-------- INFORMATION PROVIDED
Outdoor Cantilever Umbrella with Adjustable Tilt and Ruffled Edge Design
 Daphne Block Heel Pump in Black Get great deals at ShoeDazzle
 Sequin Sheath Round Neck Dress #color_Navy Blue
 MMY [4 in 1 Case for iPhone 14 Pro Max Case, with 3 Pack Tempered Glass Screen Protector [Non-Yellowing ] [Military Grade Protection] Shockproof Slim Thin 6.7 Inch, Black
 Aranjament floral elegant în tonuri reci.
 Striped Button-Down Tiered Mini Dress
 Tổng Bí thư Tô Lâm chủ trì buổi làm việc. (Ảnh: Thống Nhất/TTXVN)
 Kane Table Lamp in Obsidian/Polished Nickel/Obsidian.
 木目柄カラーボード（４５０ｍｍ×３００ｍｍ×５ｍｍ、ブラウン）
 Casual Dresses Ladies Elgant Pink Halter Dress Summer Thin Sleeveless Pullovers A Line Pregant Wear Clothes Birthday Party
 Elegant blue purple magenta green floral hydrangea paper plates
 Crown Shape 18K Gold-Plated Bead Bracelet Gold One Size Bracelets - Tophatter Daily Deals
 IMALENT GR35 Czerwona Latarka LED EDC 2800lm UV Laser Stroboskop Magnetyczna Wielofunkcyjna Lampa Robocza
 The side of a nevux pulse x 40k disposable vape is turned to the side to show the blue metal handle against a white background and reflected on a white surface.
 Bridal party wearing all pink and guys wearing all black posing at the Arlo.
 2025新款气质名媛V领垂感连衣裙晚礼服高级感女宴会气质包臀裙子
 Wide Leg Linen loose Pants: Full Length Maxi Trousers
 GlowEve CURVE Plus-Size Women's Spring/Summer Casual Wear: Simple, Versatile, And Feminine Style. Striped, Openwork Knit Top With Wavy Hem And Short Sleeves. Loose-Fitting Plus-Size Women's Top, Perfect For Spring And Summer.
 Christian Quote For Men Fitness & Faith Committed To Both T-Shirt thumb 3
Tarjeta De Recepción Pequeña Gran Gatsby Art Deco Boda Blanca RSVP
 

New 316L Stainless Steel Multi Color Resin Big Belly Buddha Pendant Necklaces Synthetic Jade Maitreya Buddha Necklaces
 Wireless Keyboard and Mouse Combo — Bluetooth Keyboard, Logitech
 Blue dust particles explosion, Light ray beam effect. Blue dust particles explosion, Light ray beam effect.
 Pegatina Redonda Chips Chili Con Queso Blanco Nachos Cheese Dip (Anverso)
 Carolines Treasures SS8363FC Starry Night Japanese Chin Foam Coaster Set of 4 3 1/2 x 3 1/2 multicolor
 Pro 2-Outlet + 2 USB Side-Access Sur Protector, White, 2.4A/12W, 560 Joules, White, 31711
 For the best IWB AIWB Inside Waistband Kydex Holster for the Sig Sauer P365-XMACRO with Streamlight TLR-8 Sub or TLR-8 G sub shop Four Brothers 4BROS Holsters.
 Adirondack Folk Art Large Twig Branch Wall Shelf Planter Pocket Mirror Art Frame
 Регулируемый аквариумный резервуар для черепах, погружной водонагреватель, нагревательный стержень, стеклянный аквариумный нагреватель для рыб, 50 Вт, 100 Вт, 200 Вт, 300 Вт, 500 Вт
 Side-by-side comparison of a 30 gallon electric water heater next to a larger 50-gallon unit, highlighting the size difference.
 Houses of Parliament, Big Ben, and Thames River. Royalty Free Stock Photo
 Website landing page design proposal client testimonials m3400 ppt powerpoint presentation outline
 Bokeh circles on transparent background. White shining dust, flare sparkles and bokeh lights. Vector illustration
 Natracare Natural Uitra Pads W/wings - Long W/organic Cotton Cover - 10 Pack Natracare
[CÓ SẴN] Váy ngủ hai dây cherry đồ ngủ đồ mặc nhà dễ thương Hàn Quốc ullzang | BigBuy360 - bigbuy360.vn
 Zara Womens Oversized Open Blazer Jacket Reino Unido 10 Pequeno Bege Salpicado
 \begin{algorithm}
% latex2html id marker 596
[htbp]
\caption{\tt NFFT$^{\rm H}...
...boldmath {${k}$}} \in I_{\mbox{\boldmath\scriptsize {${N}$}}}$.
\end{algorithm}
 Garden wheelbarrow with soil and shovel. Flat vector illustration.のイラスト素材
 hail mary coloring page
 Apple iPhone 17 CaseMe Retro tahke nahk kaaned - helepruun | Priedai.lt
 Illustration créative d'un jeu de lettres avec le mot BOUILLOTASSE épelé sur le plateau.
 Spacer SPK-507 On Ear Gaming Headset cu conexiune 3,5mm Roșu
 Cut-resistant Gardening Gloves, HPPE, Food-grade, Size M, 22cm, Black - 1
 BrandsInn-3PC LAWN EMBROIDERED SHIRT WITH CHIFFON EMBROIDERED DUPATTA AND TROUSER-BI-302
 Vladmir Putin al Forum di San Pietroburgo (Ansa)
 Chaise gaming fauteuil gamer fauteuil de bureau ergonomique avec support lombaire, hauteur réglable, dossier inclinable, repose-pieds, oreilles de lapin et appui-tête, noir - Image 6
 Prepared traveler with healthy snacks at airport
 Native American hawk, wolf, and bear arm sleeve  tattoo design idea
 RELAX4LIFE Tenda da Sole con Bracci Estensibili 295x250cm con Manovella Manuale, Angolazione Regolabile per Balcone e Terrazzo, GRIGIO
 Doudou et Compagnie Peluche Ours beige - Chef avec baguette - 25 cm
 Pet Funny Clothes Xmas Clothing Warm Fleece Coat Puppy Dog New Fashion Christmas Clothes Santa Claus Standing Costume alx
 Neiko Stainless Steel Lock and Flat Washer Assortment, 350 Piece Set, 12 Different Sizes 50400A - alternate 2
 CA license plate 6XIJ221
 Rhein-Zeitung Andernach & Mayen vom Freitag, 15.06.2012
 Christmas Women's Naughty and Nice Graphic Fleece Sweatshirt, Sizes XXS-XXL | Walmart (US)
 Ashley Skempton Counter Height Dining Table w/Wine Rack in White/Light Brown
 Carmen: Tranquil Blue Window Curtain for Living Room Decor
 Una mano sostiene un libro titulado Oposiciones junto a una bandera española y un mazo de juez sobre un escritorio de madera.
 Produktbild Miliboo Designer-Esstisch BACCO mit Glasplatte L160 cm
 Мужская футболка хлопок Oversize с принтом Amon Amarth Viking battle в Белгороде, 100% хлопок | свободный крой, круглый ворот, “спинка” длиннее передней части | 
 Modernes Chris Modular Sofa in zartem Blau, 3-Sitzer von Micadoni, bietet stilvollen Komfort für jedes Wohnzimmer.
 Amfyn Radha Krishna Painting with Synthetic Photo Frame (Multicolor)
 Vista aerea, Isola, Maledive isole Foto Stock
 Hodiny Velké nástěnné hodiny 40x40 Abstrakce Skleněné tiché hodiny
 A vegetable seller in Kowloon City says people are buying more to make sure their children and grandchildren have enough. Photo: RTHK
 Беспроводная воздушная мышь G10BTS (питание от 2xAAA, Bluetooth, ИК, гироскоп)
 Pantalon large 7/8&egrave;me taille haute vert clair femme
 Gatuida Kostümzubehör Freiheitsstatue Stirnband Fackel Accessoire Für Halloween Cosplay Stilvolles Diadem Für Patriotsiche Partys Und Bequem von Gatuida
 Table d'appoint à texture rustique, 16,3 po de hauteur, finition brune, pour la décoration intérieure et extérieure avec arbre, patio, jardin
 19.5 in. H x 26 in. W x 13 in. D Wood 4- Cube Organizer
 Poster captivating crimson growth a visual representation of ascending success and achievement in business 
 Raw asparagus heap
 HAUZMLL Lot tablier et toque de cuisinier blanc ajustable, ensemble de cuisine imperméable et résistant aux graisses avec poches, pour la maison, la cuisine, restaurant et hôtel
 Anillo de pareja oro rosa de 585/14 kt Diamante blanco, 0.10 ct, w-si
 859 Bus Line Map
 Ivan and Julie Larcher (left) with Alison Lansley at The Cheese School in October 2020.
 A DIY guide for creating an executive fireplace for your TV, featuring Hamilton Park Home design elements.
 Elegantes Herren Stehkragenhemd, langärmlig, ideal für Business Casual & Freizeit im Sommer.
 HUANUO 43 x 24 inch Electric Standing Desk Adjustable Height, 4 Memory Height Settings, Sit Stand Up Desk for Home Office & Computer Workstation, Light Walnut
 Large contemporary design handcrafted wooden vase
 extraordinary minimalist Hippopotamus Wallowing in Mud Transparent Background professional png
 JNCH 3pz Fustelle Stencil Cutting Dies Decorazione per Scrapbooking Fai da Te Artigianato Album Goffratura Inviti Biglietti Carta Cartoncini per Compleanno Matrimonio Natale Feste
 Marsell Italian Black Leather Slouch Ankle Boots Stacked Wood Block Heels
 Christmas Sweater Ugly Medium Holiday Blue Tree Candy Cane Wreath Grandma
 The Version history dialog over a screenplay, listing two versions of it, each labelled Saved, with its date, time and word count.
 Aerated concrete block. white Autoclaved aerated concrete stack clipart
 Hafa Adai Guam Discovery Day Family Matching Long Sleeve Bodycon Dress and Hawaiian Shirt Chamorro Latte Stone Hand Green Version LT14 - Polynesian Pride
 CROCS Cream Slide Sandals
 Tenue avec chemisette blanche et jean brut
----------------
EXERCISE GOAL
Find the string "Cheese" in the listing and copy every line in which it occurs.

WRITTEN SOLUTION
 Pegatina Redonda Chips Chili Con Queso Blanco Nachos Cheese Dip (Anverso)
 Ivan and Julie Larcher (left) with Alison Lansley at The Cheese School in October 2020.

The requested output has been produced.